First advice: don't rush back into hacking. Give yourself sometime to cool
off, just lay back and relax (metaphorically). Do whatever things you enjoy in
life, maybe your thing is watching shows/movies, reading books, going out, get
into something interesting like music, martial arts, whatever.

> But I can't feel that it matters. I have a job that pays me well. Why should
> I do more? I'm terrified that I've lost my answer to that question.

1\. Your job is rotting your brain. I think you already know that.

2\. You don't have to have a startup idea that works to quit. It's not about
having a particular idea. It's about hacking and solving problems.

I'm sure you can regain your enthusiasm after some relaxation time, and when
you do, just hack on stuff, don't worry about having to do any real project.

"Real stuff" comes when you just casually go about solving problems.

At the very least, by working on problems you find interesting, in your own
time, you can refresh your hacking muscles, gain experience, get more stuff to
put on your resume, and then find a better job.

------
smharris65
A long time ago something about computers sparked your interest and curiosity.
You followed that spark maybe not even knowing where it would take you. Now
the "real" world doesn't care about that spark, but they CANNOT put it out.
Only you can. Go way back and find that time in the beginning that started it
all. Re-connect with your first experience. That's what got you this far and
it's what will keep you going.
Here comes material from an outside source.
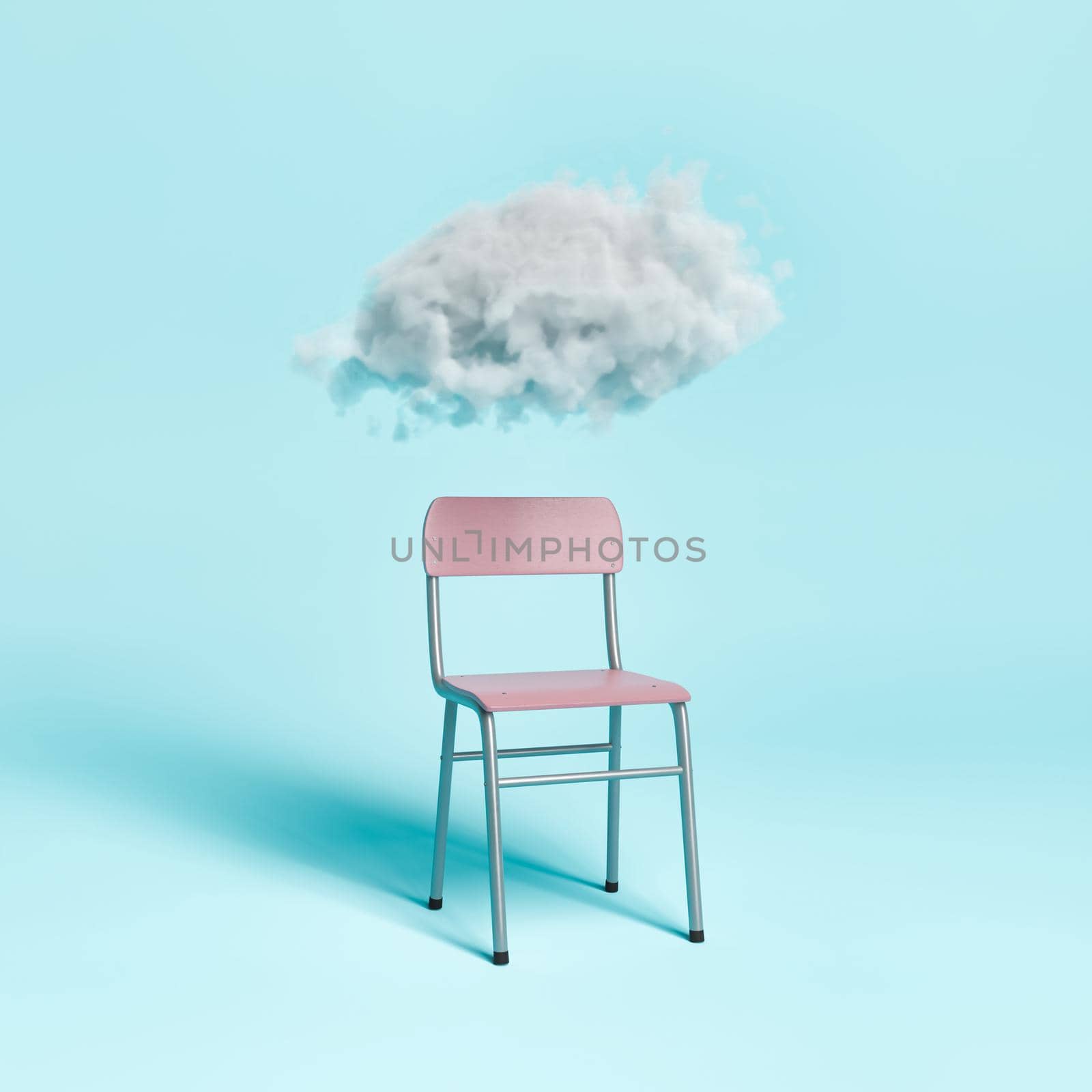 Cloud floating above school chair. minimal concept of creative idea and education. 3d rendering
It's what I always focus on, and this is my
twentieth year as a software developer.

------
calebmpeterson
Hang in there. I'll second the advice to find something else you love and do
that for a while instead of programming. If you like reading (a lot), try
Robert Jordan's A Wheel of Time. Learn a little about cooking. Learn a little
about playing a musical instrument; the bass is good - you don't have to be
good at all to have fun playing along with your favorite bands.

Otherwise learn something new and unrelated to your day job but still in the
programming realm. Learn Erlang or JavaScript. Make sure it has a REPL - the
Chrome console is a great REPL for JS. Have fun with it! Don't worry about
making something of "value" just make something small that's only purpose is
to make you smile.

Hang in there; you'll get through this season.

------
10smom
I am looking for someone like you that can lead to more or open more doors if
you have the experience. I am startup entrepreneur looking for a quality
programmer to freelance as project manager for two weeks. Requires a small
amount of time but not much pay at this time. May lead to more and maybe
vested in the company if right fit.

------
iworkforthem
Why dun you completed your four pet projects?

I'm sure if you complete these projects, you will feel adrenaline again. It is
quite clear that money is not something that make you tick. Making things
does, and when you are not able to deliver/get it, your interest dwindle...
Quit thinking, and complete those projects.